SUPPLIED DATA:
↓
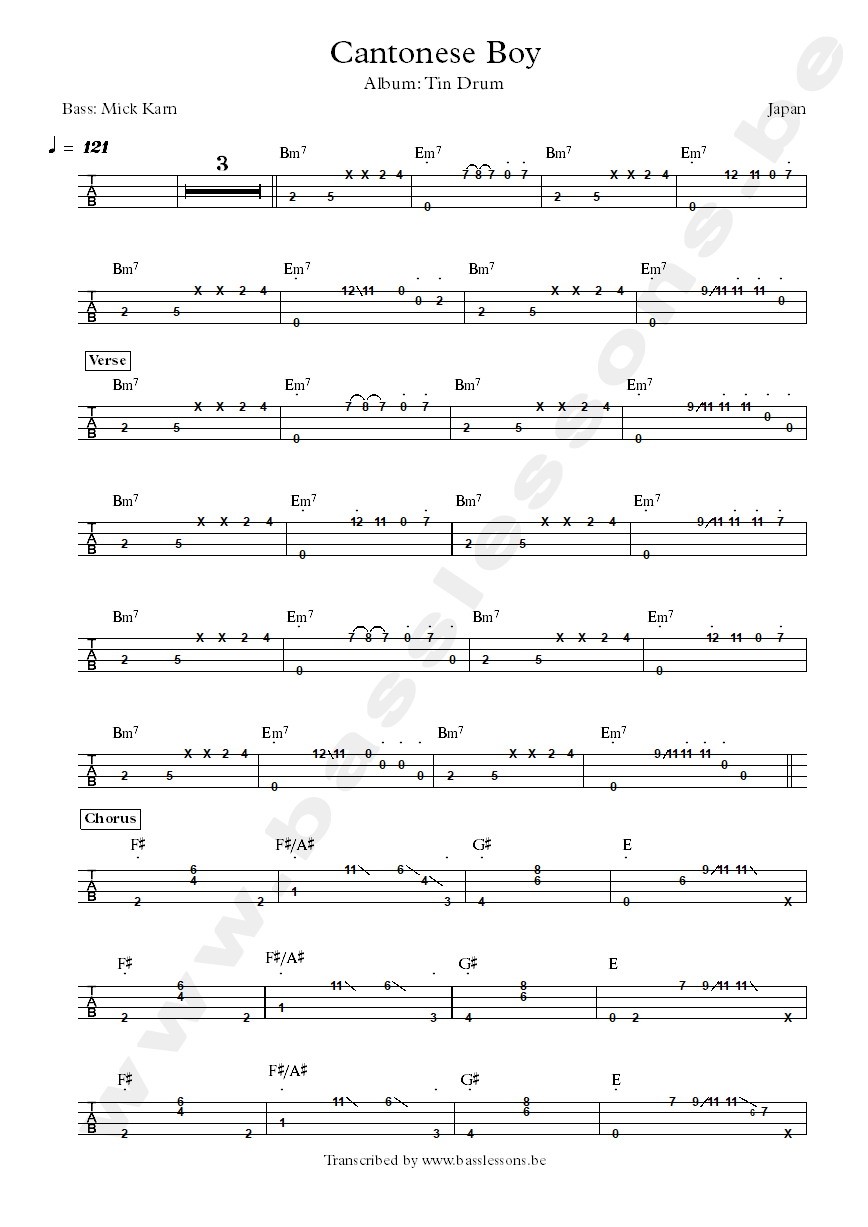 Japan cantonese boy mick karn bass tab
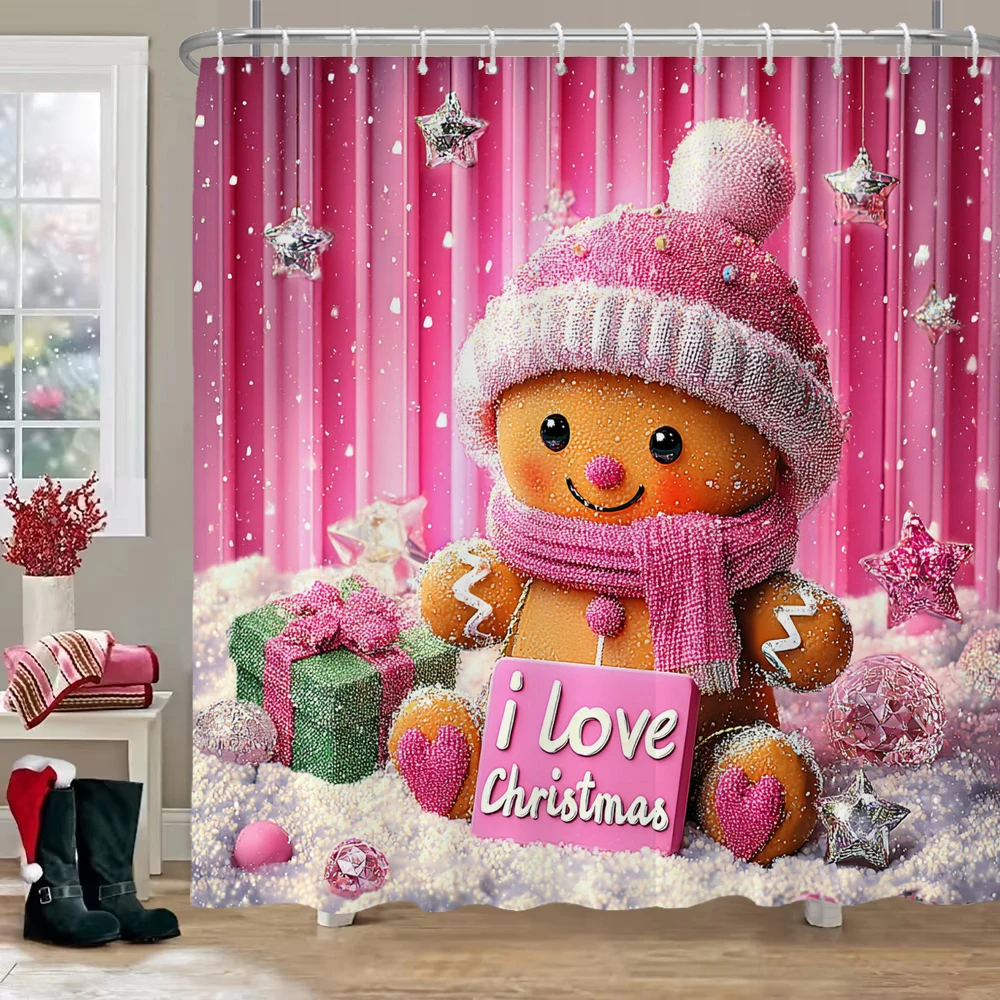 

Christmas Shower Curtain, Cartoon Gingerbread Man Bathroom Shower Curtain, Printed fabric for Home Holiday Decoration Curtain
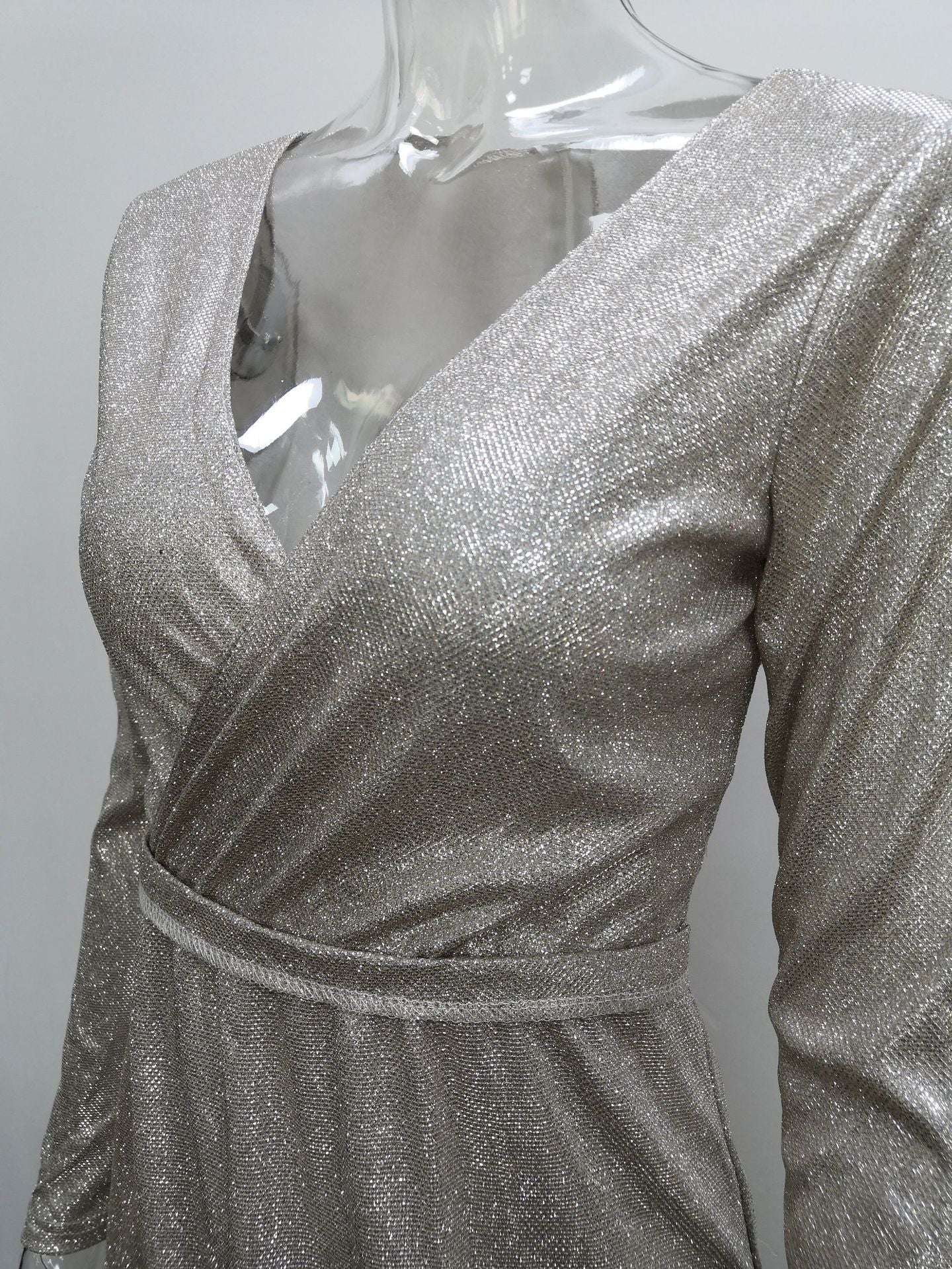 Women Shiny long-sleeved V-neck sparkling evening sexy dress 37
↑
TASK OBJECTIVE: Reprint the listing above verbatim but drop the images.

RESPONSE:
 Japan cantonese boy mick karn bass tab

Christmas Shower Curtain, Cartoon Gingerbread Man Bathroom Shower Curtain, Printed fabric for Home Holiday Decoration Curtain
 Women Shiny long-sleeved V-neck sparkling evening sexy dress 37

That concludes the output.